- Instructions to follow:
Below are the entries; give again exactly the lines from the one mentioning "2/4/10Pcs Double Banana" through the one mentioning "Ανδρικό Πουλόβερ με Half Zip Μπορντό NYT", inclusive.

[Source records]
########

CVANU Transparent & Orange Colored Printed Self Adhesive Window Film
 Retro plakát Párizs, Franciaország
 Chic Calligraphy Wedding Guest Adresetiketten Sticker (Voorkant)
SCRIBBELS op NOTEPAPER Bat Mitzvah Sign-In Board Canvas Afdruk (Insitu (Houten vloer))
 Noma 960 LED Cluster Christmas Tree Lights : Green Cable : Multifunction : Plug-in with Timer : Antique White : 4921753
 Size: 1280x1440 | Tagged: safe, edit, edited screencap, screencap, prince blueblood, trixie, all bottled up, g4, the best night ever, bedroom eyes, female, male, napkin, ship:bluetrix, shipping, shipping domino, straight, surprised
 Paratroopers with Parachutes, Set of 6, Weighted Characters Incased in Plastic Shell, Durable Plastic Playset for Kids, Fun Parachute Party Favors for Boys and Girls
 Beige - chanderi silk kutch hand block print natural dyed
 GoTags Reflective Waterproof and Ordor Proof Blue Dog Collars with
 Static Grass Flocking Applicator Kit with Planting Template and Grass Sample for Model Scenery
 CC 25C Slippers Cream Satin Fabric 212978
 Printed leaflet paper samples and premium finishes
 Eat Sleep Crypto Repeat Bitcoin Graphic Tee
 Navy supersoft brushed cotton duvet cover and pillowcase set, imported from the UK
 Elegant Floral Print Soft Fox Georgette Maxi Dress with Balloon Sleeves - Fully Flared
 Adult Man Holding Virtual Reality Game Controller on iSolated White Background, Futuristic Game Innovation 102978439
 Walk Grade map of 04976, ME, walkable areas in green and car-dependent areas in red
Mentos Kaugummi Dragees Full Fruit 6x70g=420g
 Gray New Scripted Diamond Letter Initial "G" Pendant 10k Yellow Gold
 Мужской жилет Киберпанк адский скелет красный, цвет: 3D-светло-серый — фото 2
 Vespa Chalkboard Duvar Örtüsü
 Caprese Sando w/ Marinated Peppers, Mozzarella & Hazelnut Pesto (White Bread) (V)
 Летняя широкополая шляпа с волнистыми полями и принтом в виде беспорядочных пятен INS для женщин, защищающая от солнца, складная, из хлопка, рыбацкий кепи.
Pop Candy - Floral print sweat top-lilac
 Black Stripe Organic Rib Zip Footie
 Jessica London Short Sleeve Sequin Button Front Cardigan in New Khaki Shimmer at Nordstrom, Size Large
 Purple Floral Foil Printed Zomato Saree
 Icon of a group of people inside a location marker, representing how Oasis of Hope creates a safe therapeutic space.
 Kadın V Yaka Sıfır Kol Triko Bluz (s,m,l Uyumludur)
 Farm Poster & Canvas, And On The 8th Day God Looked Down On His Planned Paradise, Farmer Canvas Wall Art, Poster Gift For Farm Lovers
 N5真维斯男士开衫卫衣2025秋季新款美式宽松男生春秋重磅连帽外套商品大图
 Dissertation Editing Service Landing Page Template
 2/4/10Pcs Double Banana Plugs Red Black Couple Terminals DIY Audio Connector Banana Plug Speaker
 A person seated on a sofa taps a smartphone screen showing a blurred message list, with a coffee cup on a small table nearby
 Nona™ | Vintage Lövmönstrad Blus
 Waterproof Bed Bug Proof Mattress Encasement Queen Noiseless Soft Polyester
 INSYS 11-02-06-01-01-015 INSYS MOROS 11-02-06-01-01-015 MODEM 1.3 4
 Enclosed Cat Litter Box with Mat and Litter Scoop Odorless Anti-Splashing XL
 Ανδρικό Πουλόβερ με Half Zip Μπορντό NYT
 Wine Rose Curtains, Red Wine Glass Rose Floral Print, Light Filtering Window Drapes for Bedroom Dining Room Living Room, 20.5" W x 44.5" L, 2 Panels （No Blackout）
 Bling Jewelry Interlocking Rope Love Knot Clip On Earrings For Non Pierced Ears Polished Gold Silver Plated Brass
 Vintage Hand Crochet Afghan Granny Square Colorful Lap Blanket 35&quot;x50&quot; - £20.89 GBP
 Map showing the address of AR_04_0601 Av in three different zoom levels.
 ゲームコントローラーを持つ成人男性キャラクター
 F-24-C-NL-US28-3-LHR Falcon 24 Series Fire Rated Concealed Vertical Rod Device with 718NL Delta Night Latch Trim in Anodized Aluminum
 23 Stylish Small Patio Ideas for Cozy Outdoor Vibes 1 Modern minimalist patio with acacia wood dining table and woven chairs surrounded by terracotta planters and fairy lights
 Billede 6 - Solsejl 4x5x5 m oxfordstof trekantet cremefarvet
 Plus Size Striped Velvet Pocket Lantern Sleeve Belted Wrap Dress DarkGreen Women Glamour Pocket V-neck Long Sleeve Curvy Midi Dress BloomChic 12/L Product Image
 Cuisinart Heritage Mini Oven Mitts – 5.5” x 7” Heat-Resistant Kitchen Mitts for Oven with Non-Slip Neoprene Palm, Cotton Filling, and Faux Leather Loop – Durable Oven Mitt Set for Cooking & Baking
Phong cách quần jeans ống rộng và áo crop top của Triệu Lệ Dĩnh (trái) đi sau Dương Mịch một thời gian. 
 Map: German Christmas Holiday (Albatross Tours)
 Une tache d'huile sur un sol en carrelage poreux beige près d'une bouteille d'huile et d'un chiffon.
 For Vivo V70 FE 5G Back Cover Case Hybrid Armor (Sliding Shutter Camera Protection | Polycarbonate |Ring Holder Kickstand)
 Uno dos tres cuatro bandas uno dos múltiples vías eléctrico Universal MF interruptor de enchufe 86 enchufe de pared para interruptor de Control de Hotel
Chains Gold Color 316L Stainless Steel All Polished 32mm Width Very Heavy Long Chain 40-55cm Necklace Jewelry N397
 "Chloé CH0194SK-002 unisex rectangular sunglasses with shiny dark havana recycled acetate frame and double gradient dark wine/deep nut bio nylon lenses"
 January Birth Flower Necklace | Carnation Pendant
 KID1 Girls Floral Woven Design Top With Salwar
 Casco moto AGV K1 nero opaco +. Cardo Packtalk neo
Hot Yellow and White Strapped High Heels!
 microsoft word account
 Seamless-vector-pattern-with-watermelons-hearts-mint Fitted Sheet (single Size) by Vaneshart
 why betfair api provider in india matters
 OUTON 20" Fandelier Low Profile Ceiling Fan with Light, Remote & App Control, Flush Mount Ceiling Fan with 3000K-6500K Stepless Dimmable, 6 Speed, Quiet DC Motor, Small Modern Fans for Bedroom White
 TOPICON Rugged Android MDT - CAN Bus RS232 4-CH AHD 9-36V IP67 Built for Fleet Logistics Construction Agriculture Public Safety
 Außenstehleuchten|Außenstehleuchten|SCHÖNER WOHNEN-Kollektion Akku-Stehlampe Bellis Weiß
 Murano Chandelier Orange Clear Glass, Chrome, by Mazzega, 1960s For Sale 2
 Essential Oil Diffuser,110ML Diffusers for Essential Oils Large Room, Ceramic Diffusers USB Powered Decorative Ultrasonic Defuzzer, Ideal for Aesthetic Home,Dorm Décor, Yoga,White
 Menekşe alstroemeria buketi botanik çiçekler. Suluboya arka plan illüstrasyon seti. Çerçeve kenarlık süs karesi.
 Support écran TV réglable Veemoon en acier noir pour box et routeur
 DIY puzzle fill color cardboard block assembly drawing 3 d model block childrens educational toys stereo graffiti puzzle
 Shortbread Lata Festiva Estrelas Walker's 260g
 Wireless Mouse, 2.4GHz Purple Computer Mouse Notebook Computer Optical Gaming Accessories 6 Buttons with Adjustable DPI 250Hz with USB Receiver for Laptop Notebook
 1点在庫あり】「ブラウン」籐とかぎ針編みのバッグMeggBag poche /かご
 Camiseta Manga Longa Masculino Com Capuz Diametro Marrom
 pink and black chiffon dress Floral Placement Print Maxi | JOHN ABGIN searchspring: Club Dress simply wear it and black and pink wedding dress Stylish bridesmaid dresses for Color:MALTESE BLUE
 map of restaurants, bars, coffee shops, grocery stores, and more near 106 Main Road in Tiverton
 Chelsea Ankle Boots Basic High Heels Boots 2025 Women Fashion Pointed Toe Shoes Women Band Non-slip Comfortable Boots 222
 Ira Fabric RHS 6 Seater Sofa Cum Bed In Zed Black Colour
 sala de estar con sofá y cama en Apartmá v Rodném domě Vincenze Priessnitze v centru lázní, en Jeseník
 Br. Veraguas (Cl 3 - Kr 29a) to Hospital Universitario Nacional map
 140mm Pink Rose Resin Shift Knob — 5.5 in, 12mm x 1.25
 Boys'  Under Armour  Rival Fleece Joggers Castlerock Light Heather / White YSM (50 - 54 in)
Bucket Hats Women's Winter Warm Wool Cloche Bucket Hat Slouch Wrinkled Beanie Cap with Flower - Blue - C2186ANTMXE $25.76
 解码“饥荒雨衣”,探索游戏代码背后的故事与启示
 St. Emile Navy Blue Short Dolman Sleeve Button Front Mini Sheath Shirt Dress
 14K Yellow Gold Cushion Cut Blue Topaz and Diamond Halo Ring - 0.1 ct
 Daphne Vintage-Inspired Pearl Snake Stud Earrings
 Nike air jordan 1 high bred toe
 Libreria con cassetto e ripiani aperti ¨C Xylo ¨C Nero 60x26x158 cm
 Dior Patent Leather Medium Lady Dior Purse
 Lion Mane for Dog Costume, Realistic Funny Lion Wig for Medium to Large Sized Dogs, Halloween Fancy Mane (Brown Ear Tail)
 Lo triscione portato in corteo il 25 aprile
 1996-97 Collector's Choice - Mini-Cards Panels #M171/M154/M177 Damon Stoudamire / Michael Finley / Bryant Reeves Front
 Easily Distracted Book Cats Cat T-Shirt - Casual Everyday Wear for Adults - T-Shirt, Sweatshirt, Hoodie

########

- Reply to the task:
 2/4/10Pcs Double Banana Plugs Red Black Couple Terminals DIY Audio Connector Banana Plug Speaker
 A person seated on a sofa taps a smartphone screen showing a blurred message list, with a coffee cup on a small table nearby
 Nona™ | Vintage Lövmönstrad Blus
 Waterproof Bed Bug Proof Mattress Encasement Queen Noiseless Soft Polyester
 INSYS 11-02-06-01-01-015 INSYS MOROS 11-02-06-01-01-015 MODEM 1.3 4
 Enclosed Cat Litter Box with Mat and Litter Scoop Odorless Anti-Splashing XL
 Ανδρικό Πουλόβερ με Half Zip Μπορντό NYT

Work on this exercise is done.